# St John the Evangelist's Church, Crawshawbooth, December 2015



## Wakey Lad (Dec 22, 2015)

This church was built between 1890-1892 and declared redundant in 2012 after dwindling numbers and several lead thefts. 

A year later it was sold to a company who had several planning applications to convert the building refused. 

The church is currently on the buildings at risk register. 

Parts of the roof on this church are almost at the point of collapse, despite this no efforts have been made to save any of the internal fixtures and fittings.

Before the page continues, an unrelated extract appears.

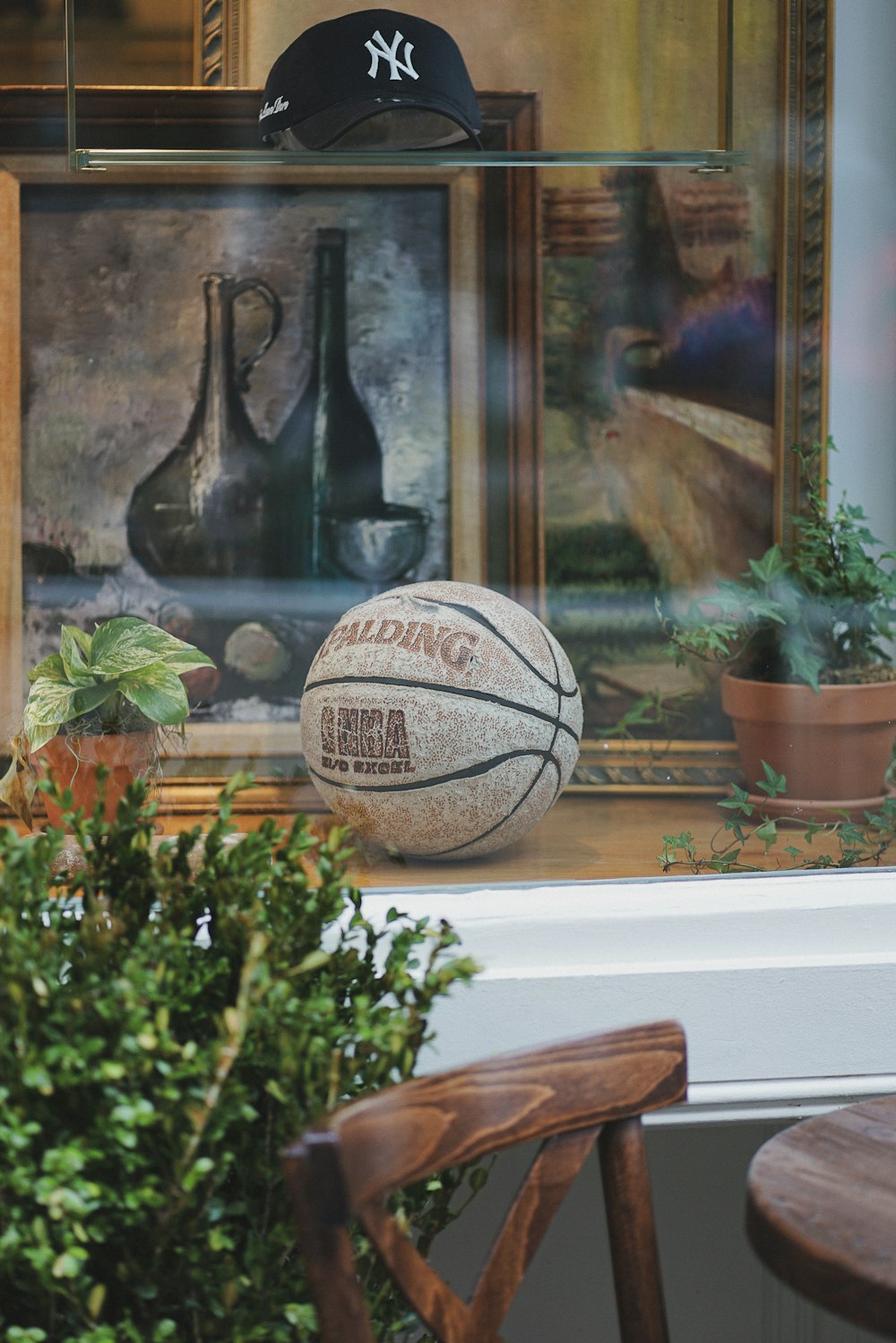 a basketball sitting on top of a window sill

Great explore this one but a real shame to see it in its current state.




















































Thanks for looking​


----------



## krela (Dec 22, 2015)

Great photos of a nice looking Church. Will we ever solve the problem of what to do with them?!


----------



## Rubex (Dec 22, 2015)

What a stunning church! Amazing photos also


----------



## Sam Haltin (Dec 22, 2015)

A very nice church but in need of maintenance. Good photos.


----------



## HughieD (Dec 22, 2015)

Stunning. Can't beat a festive explore!


----------



## Mikeymutt (Dec 22, 2015)

Very nice that wake lad.


----------



## flyboys90 (Dec 23, 2015)

Lovely church and so sad to see it going like this!A great collection,thanks for sharing.


----------



## Last hope. (Dec 23, 2015)

no matter the state of places like this... they will always create beautiful photos.


----------



## rockfordstone (Dec 23, 2015)

a great set of photo's this. i'm not religious in any way but it is always such a shame to see these places go out service and left to fall apart.


----------



## The Wombat (Dec 23, 2015)

Excellent set there. Like old churches
Liking the shallow depth of field photos


----------